Classified papers show Clinton was aware of 'final solution' to eliminate Tutsis
The Guardian, Wednesday 31 March 2004 16.59 BST
President Bill Clinton's administration knew Rwanda was being
engulfed by genocide in April 1994 but buried the information to justify
its inaction, according to classified documents made available for the
first time.
Senior officials
privately used the word genocide within 16 days of the start of the
killings, but chose not to do so publicly because the president had
already decided not to intervene.
Intelligence
reports obtained using the US Freedom of Information Act show the
cabinet and almost certainly the president had been told of a planned
"final solution to eliminate all Tutsis" before the slaughter reached
its peak.
It took Hutu death
squads three months from April 6 to murder an estimated 800,000 Tutsis
and moderate Hutus and at each stage accurate, detailed reports were
reaching Washington's top policymakers.
The
documents undermine claims by Mr Clinton and his senior officials that
they did not fully appreciate the scale and speed of the killings.
"It's powerful proof that they knew," said Alison des Forges, a Human Rights Watch researcher and authority on the genocide.
The
National Security Archive, an independent non-governmental research
institute based in Washington DC, went to court to obtain the material.
It discovered that the CIA's
national intelligence daily, a secret briefing circulated to Mr Clinton,
the then vice-president, Al Gore, and hundreds of senior officials,
included almost daily reports on Rwanda. One, dated April 23, said
rebels would continue fighting to "stop the genocide, which ... is
spreading south".
Three days
later the
state department's intelligence briefing for former secretary of state
Warren Christopher and other officials noted "genocide and partition"
and reported declarations of a "final solution to eliminate all Tutsis".

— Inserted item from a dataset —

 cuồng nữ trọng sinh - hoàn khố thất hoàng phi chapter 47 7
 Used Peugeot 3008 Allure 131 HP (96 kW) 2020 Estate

However, the administration
did not publicly use the word genocide until May 25 and even then
diluted its impact by saying "acts of genocide".
Ms
Des Forges said: "They feared this word would generate public opinion
which would demand some sort of action and they didn't want to act. It
was a very pragmatic determination."
The
administration did not want to repeat the fiasco of US intervention in
Somalia, where US troops became sucked into fighting. It also felt the
US had no interests in Rwanda, a small central African country with no
minerals or strategic value.
William
Ferroggiaro, of the National Security Archive, said the system had
worked. "Diplomats, intelligence agencies, defence and military
officials - even aid
workers - provided timely information up the chain," he said.
"That
the Clinton administration decided against intervention at any level
was not for lack of knowledge of what was happening in Rwanda."
Many
analysts and historians fault Washington and other western capitals not
just for failing to support the token force of overwhelmed UN
peacekeepers but for failing to speak out more forcefully during the
slaughter.
Some of the Hutu extremists orchestrating events might have heeded such warnings, they have suggested.
Mr
Clinton has apologised for those failures but the declassified
documents undermine his defence of ignorance. "The level of US
intelligence is really amazing," said Mr Ferroggiaro. "A vast array of
information was available."
On
a visit to the Rwandan capital, Kigali, in 1998 Mr Clinton apologised
for not acting quickly enough or immediately calling the crimes
genocide.
In what was widely
seen as an
attempt to diminish his responsibility, he said: "It may seem strange
to you here, especially the many of you who lost members of your family,
but all over the world there were people like me sitting in offices,
day after day after day, who did not fully appreciate the depth and
speed with which you were being engulfed by this unimaginable terror."
A
spokesperson for the William Jefferson Clinton Foundation in New York
said the allegations would be relayed to the former president.